--- Extracted information Enclosed Below ---

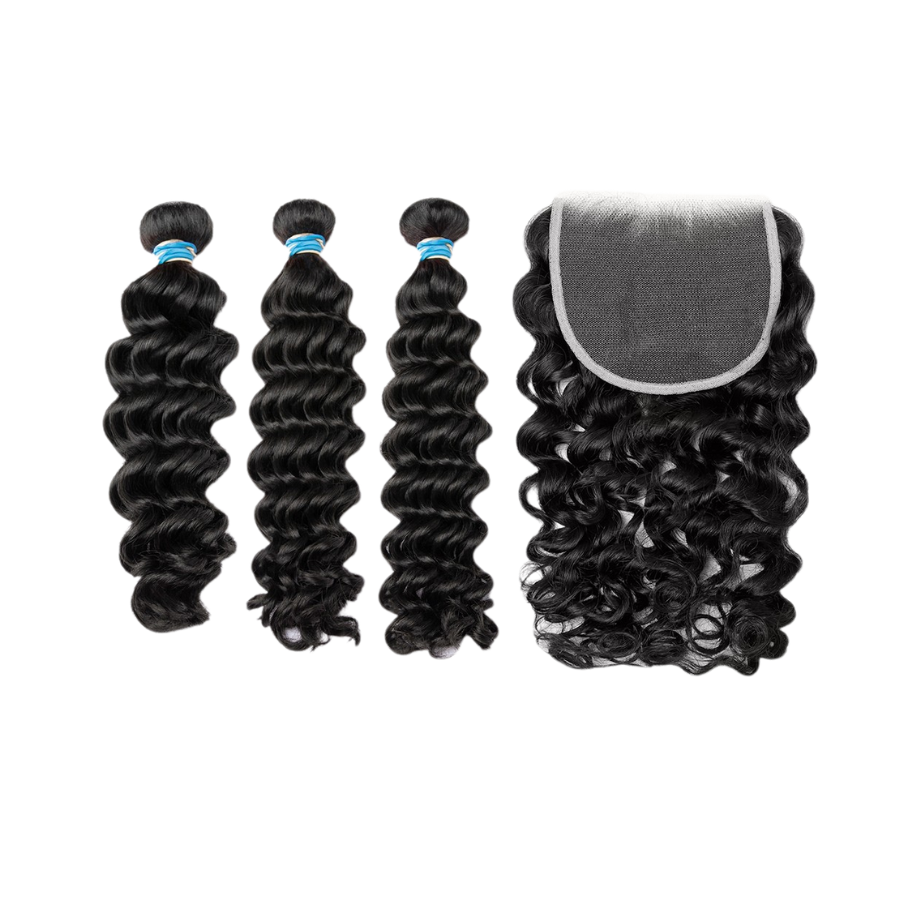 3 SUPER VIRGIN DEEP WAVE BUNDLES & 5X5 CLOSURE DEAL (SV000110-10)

--- End of Enclosed Extracted information ---
--- Extracted information Enclosed Below ---

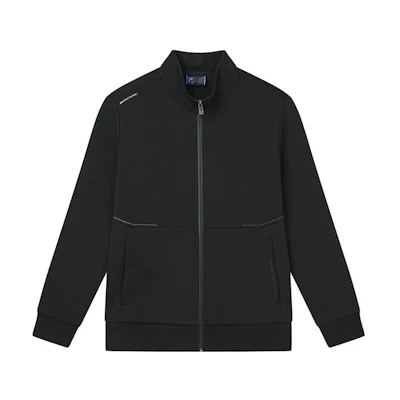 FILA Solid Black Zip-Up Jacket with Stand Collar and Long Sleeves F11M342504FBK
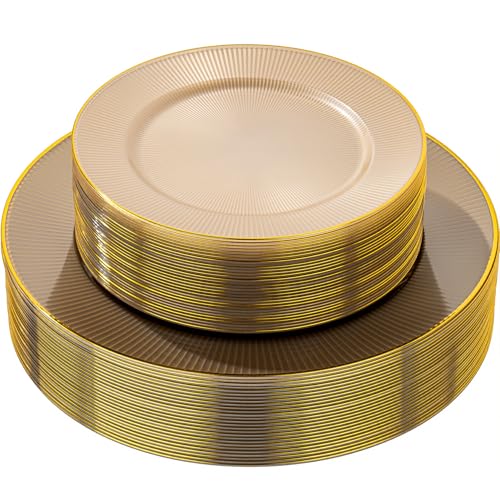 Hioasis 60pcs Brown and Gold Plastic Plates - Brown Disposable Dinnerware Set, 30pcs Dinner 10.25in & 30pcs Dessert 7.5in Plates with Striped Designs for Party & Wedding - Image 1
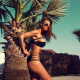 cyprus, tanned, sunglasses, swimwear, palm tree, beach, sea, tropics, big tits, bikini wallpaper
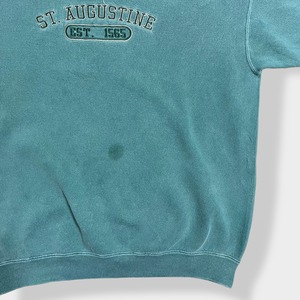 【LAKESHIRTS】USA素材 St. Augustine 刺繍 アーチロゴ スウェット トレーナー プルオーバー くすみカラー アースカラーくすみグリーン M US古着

--- End of Enclosed Extracted information ---

What is needed is an exact copy of the lines above from the one with "cyprus, tanned, sunglasses, swimwear, palm" to the one with "アースカラーくすみグリーン M US古着", both ends kept, and nothing more; please leave the pictures out.

> _Exercise answer_
 cyprus, tanned, sunglasses, swimwear, palm tree, beach, sea, tropics, big tits, bikini wallpaper
 【LAKESHIRTS】USA素材 St. Augustine 刺繍 アーチロゴ スウェット トレーナー プルオーバー くすみカラー アースカラーくすみグリーン M US古着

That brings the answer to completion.